Let us pray. Some stood, others sat, and still others joined hands with the peson sitting next to them. I looked throughout the congregation and to my surprise I saw someone stand, approach the front and kneel at the altar. Stunned, I paused before beginning to pray. I wanted so much to join that person at the altar but protocol suggested I stand behind the pulpit.
Since that moment, I wondered why it had startled me to see someone kneel in prayer. In fact, I tried to remember the last time I knelt in prayer. My custom is to drive along a stretch of highway and talk to God about the issues and concerns I have about life, family, church, and the world. I spend about 2-3 hours just meditating and reflecting on a myriad of things, but kneeling, wow, it had been a minute. Why kneeling? to me that was passe, some custom from ages past. So I tried it once again.

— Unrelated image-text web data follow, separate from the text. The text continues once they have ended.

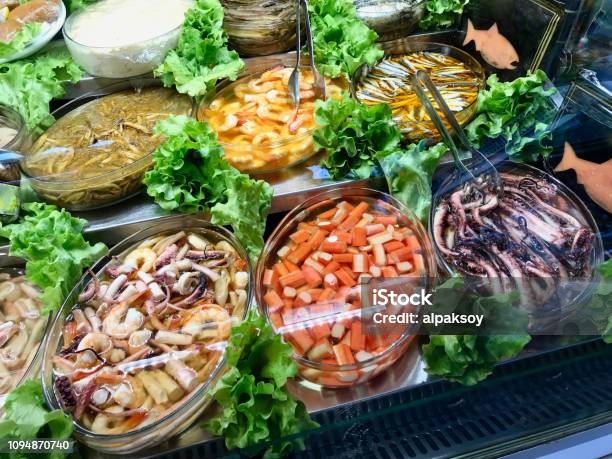 Fresh Seafood Surimi Octopus Shrimp And Assorted Fishes Displayed At Showcase Of Turkish Bazaar Stock Photo - Download Image Now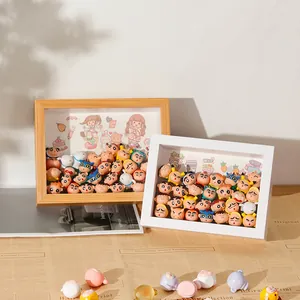 Detail macro view of 3D hollow wooden display frame used for storing small cartoon figurines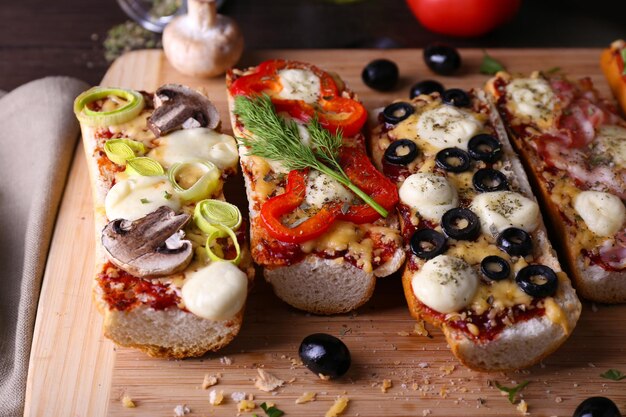 Verschillende sandwiches met groenten en kaas op snijplank op tafel close-up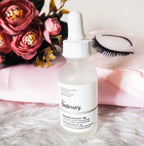 Skincare serum bottle labeled 'The Ordinary' on a fluffy surface with flowers and false eyelashes in the background.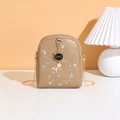 Beige crossbody bag with delicate floral embroidery and gold chain strap decoration - Apricot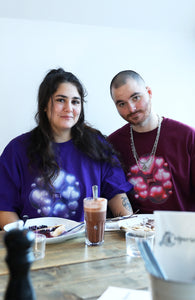 couple wearing oversized purple and red love bubbles valentines t-shirts while eating crepes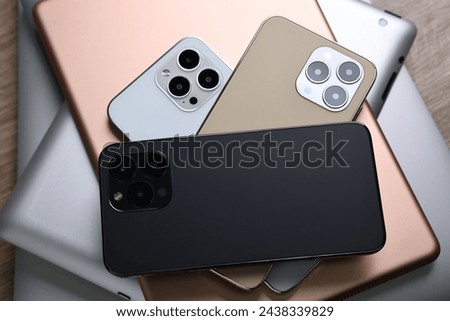 Many different modern gadgets on wooden table, closeup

As I knelt, I noticed my approach to prayer changed; it became more solemn, more serene. An awareness that I was about to engage in a conversation not with my heavenly friend, rather a conversation with my Heavenly Father. My words changed; I became more careful, concise, and contrite. As I knelt I became more aware of God’s divinity and my humanity; we were not equals. I was not talking to God man to man; I was talking to God as Son to Father. My humanness compared to His Holiness came to the forefront and I began to ask God for forgiveness, grace, love, and mercy. I did not ask for cars, houses, health, or land. In fact I prayed for the conditions of the world and interjected prayers for myself sparingly. Try it with me……
Let us kneel for a moment of prayer.